Na reunião da região com o DEMHAB, ocorrida dias depois, em 13 de agosto, já foi apresentado o cronograma da obra:
1. Agosto de 2010: início do levantamento topográfico, que deverá ser concluído em 60 dias (duas reuniões já estão agendadas para discutir o levantamento com as comunidades, sendo a primeira dia 16 de agosto, às 19 horas, no CAR Glória – Cruzeiro – Cristal e, a segunda, dia 23 de agosto às 19h, na SAC, Rua Curupaiti, 925).
2. Novembro de 2010: finalização dos projetos da avenida, dividida em 5 partes (a partir daí a CEF tem até março de 2011 para análise - 60 dias).
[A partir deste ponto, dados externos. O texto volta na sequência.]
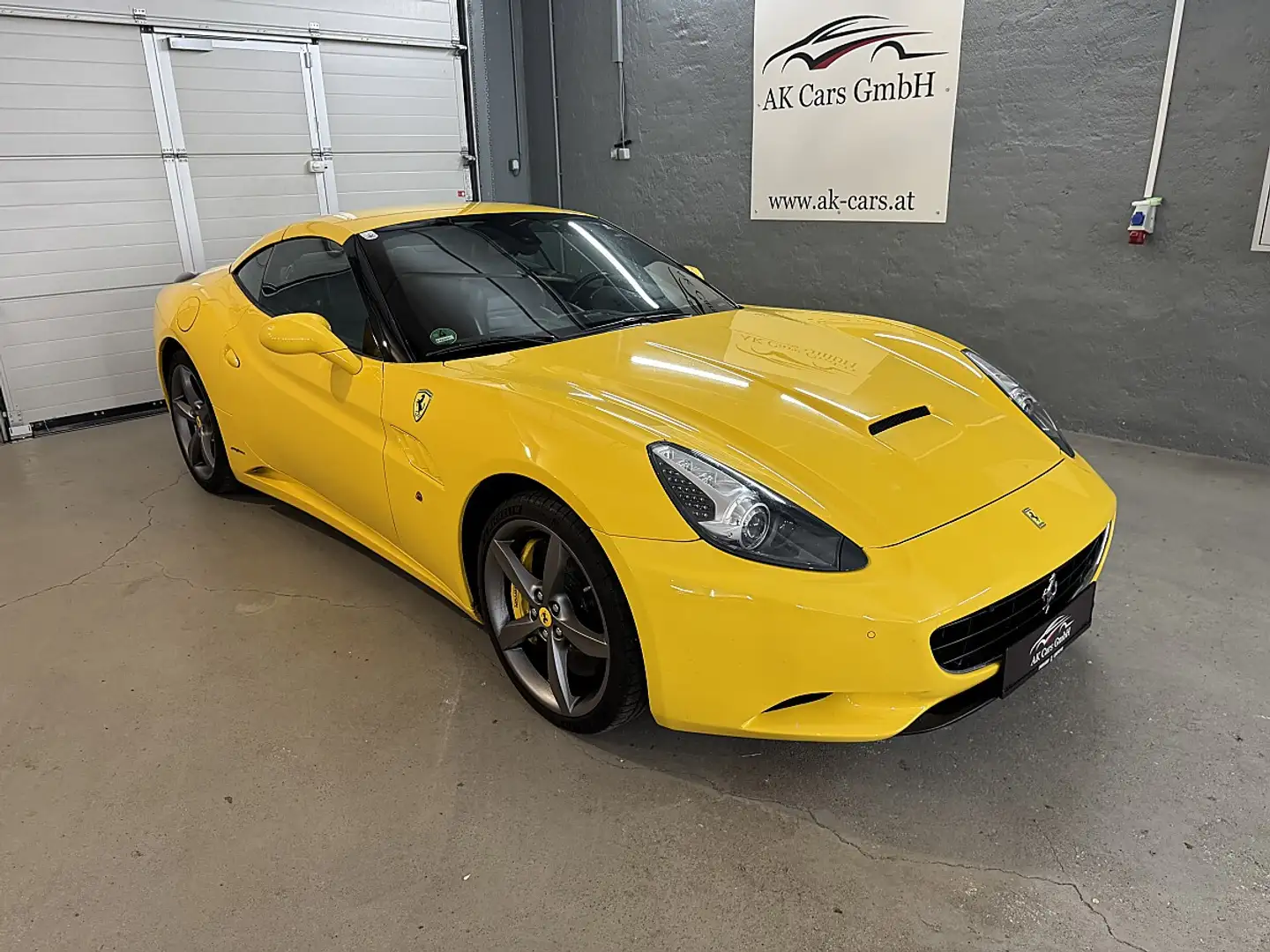 Ferrari California Aut.*Carbon-Keramik Bremse* Gelb - 2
3. Dezembro de 2010 - Março de 2011: cadastro sócio-econômico (já está aberta a licitação para as empresas que vão fazer esse levantamento).
4. Março de 2011: abertura das licitações para as obras.
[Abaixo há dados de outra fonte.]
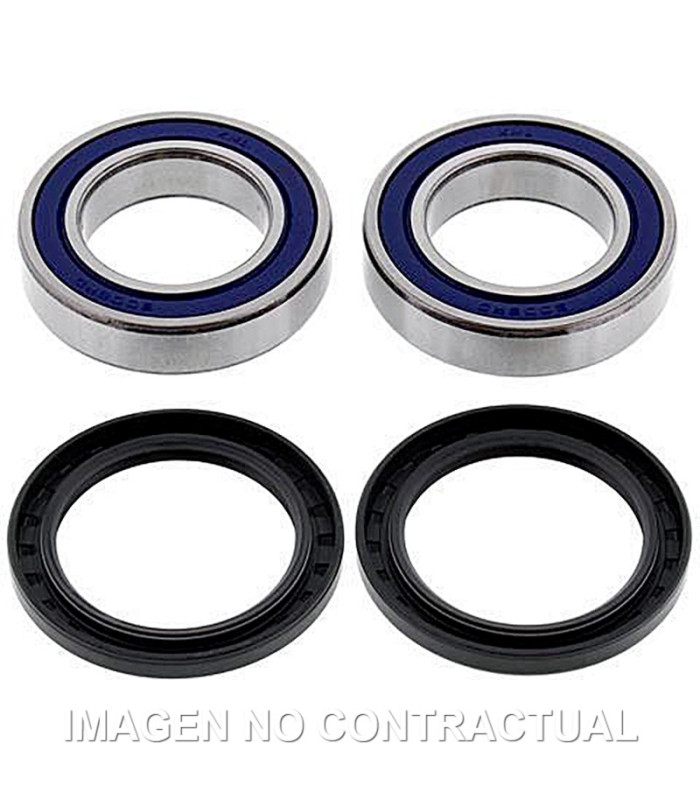 Kit de rodamientos rueda All Balls 25-1132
5. Julho de 2011: início das obras.
6. Julho de 2012: término das obras.
Como se pode ver, o cronograma contempla apenas o levantamento topográfico e o cadastro dos moradores, que a rigor já deveria ter ocorrido, não havendo ainda a definição de áreas para o reassentamento, que também já deveria ter ocorrido, pois obviamente as áreas do entorno passíveis de compra já sofreram grande valorização diante da expectativa da obra. O governo diz que ainda estão sendo feitos levantamentos e avaliações de áreas na região e na cidade e que serão discutidas diferentes alternativas de reassentamento (verticalização na própria região, uso do Programa Minha Casa Minha Vida - PMCMV e bônus moradia), podendo ainda utilizado o aluguel social para transferir os moradores temporariamente enquanto as obras vão sendo feitas. Só que enquanto o tempo corre, as incorporadoras imobiliárias voam e as oportunidades tendem a se restringir a áreas cada vez mais distantes.
O medo das pessoas é de que os seus direitos não sejam respeitados e ocorra o mesmo que aconteceu no Cristal, com as obras praticamente soterrando as moradias e as pessoas sendo obrigadas a aceitar qualquer coisa. A duplicação da Avenida Tronco é uma obra que vem sendo tratada dentro da prefeitura há vários anos. Estudos internos já haviam apontado várias alternativas de reassentamento na própria região, através da compra de áreas. Por que esses estudos não foram aproveitados e as áreas adquiridas em tempo hábil? O que se está entendendo por verticalização, quando se sabe que uma grande parte das pessoas não terá como arcar com custos de condomínio? Como funcionaria o uso do PMCMV, uma vez que a maioria das pessoas na região não se cadastrou no programa e a fila já tem mais de 50 mil inscritos? Os moradores da Cruzeiro furariam a fila? O que é que as pessoas vão poder comprar com o bônus moradia, verdadeiro cheque-despejo, num contexto de especulação imobiliária crescente e negociação individual? Enfim, até que ponto as obras da Copa de 2014 trarão efetivamente benefícios para todos e não apenas servirão de pretexto para remover populações de áreas de interesse do mercado imobiliário? Sempre lembrando que as pessoas ao longo da Avenida Tronco estão em áreas de ocupação consolidada, ali residindo há décadas. São as perguntas que ficam e desafiam não apenas o governo, mas também as lideranças, movimentos, atores privados e, ao que tudo indica, também o Ministério Público.
P.R. eram as iniciais pintadas nas portas das casas requisitadas pela família real portuguesa quando de sua vinda ao Brasil em 1808, fugindo das tropas napoleônicas prestes a invadir Portugal. Significava que eram moradias expropriadas pelo Príncipe Regente, que o povo à época sabiamente traduziu como “Ponha-se na Rua”. Mais de 200 anos depois, em pleno terceiro milênio, é inadmissível que as coisas continuem ocorrendo daquela maneira. O império é outro, mas a lógica da despossessão parece ter voltado à moda.